(Task prompt)
With the pictures omitted, print exactly the lines below, from the one containing "漂亮的黑发女人在沙发上用她的平板电脑" through the one containing "Tisch mit Weinflasche", and nothing else.

** Opening Provided data block **

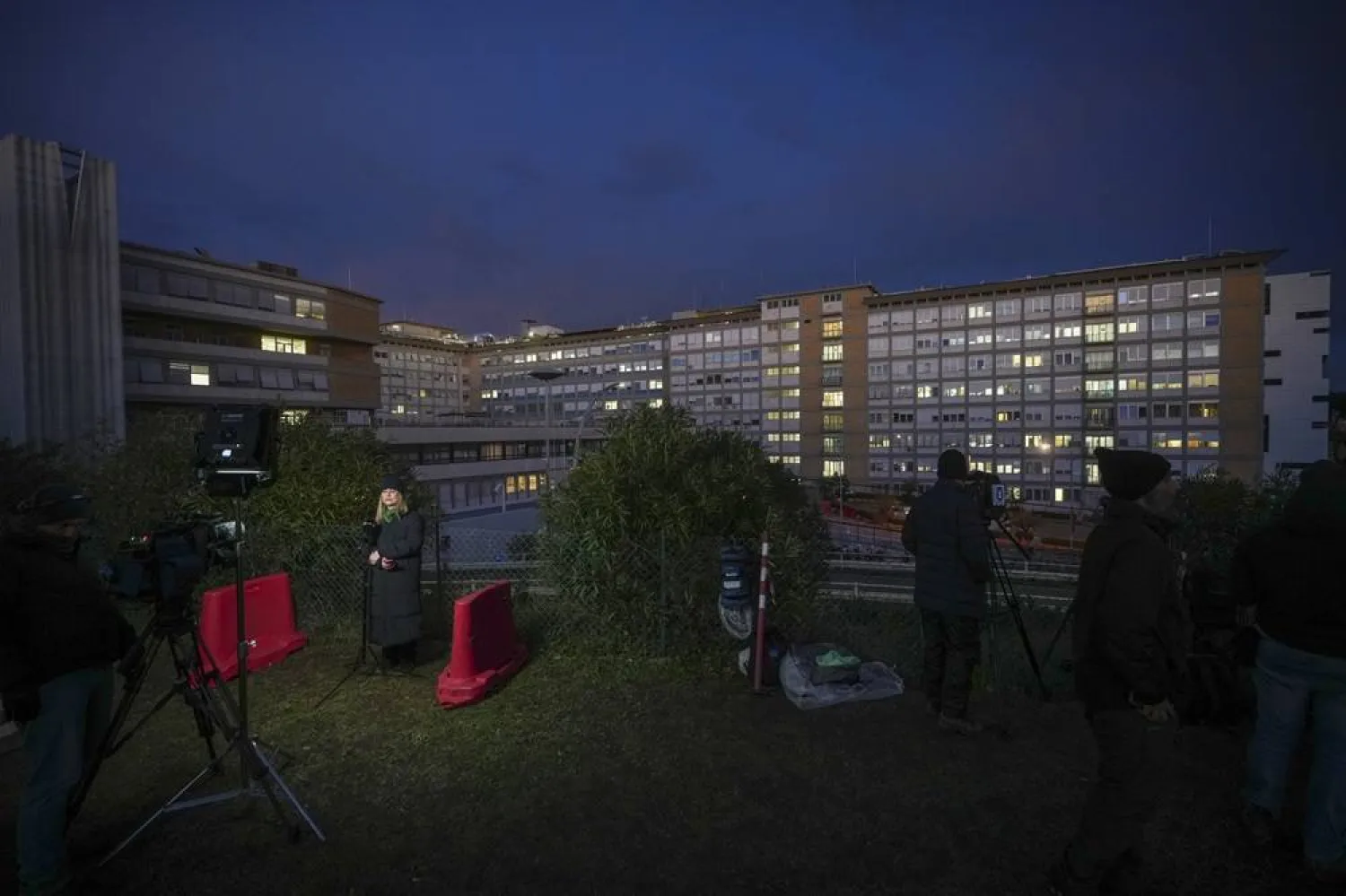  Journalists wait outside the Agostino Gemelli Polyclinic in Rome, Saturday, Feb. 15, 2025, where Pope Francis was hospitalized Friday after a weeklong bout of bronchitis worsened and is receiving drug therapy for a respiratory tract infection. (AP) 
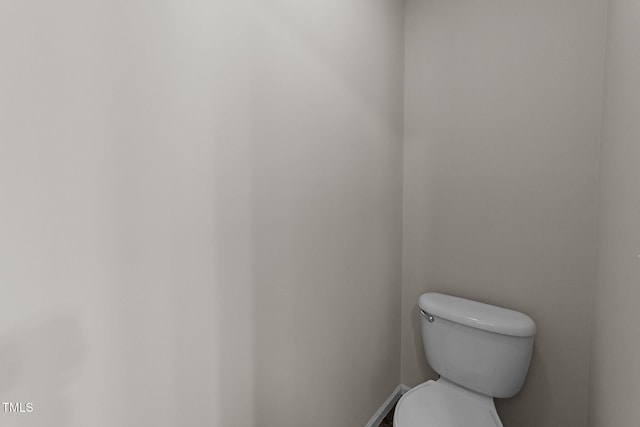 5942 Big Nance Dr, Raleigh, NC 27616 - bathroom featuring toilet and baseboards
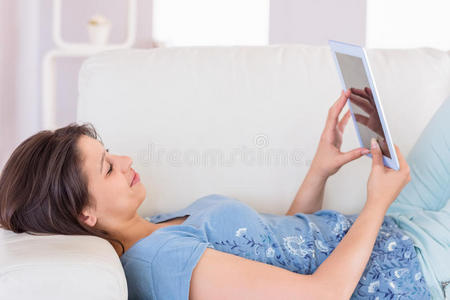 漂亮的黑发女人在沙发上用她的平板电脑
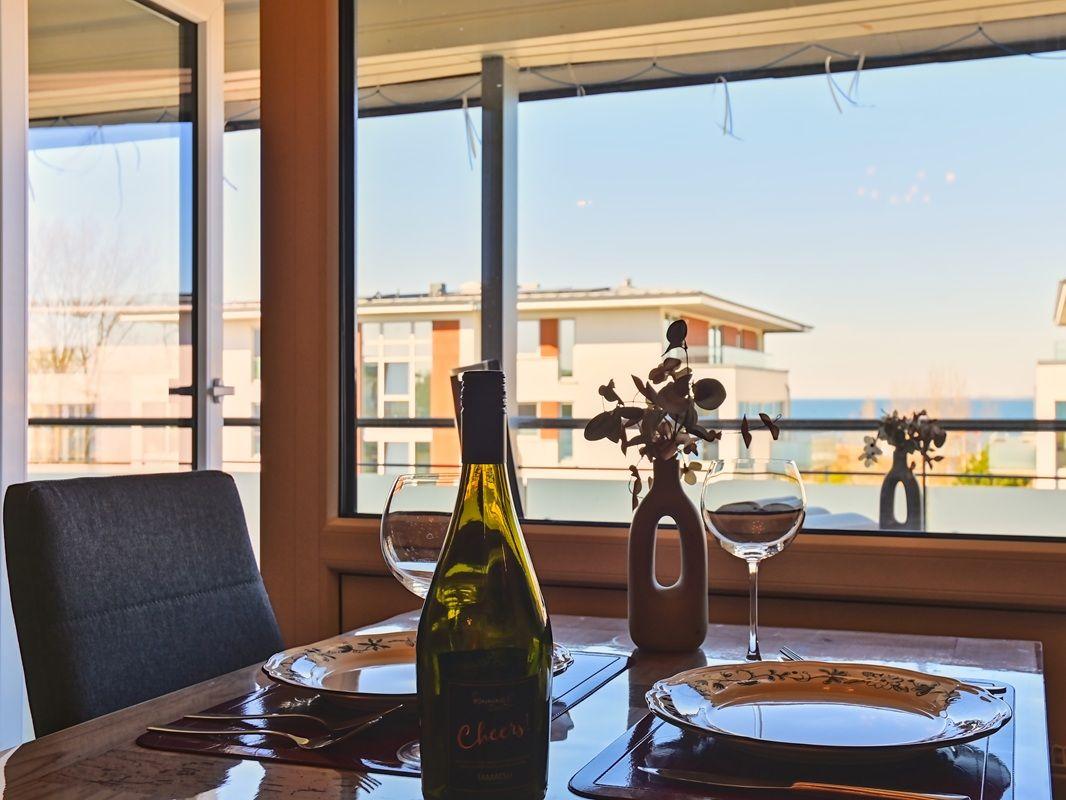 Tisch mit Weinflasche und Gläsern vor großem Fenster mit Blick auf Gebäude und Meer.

** Closing Provided data block **
** Opening Provided data block **

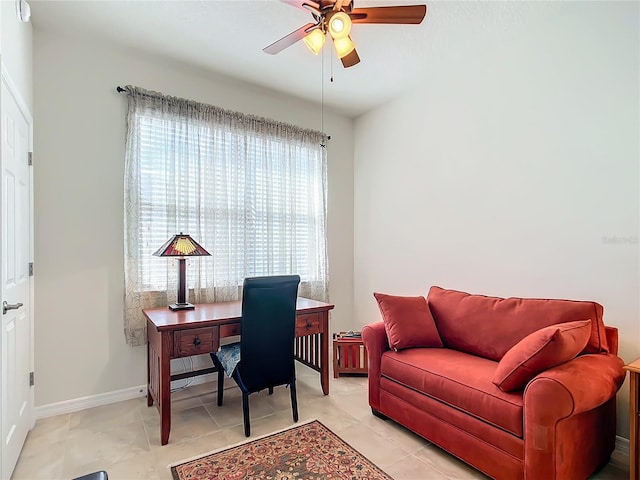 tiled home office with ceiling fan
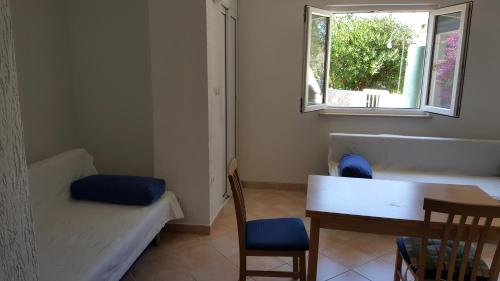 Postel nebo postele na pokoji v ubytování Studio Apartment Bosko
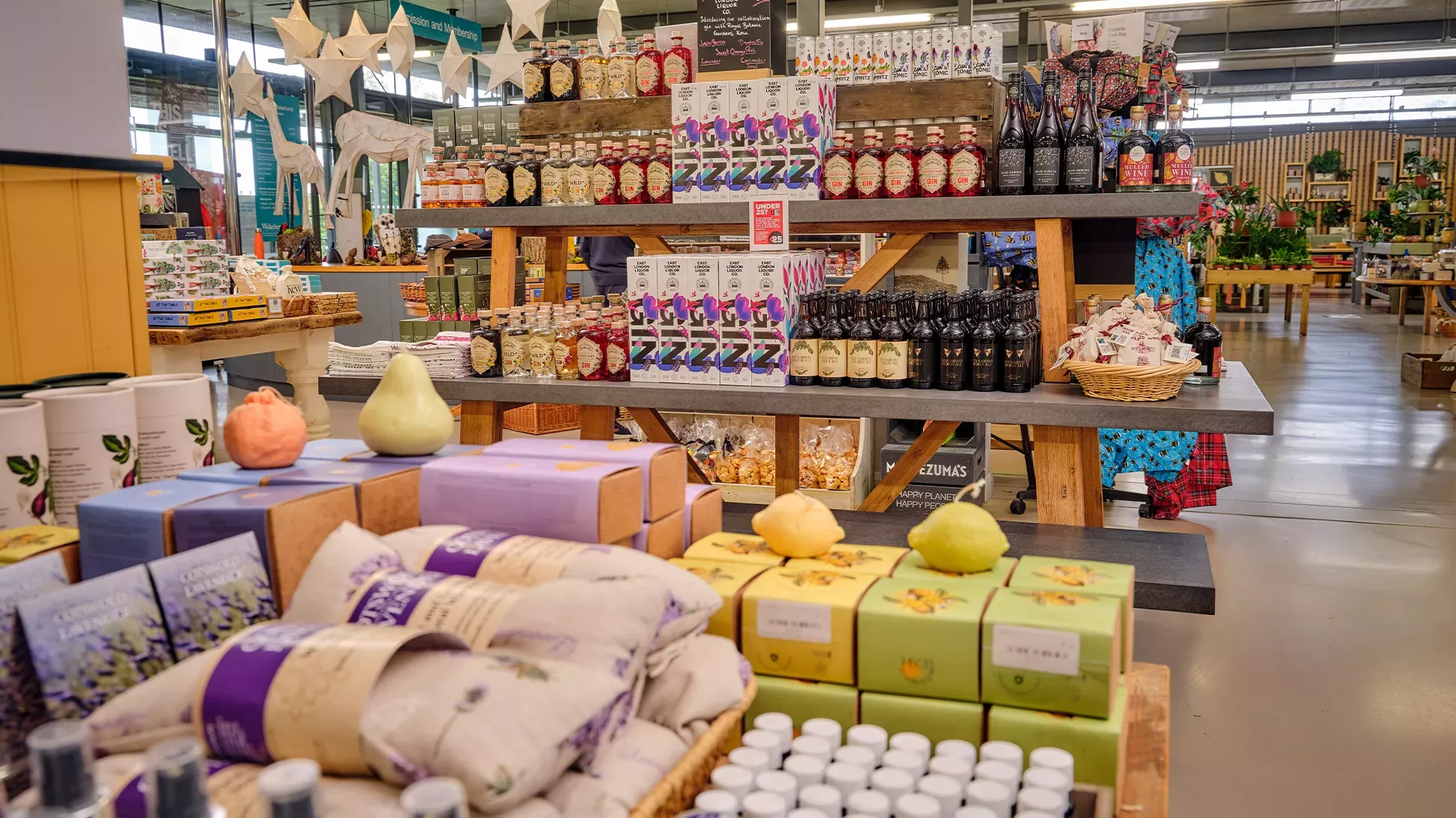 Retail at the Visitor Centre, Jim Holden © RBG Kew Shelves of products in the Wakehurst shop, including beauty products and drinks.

** Closing Provided data block **

(Answer)
 漂亮的黑发女人在沙发上用她的平板电脑
 Tisch mit Weinflasche und Gläsern vor großem Fenster mit Blick auf Gebäude und Meer.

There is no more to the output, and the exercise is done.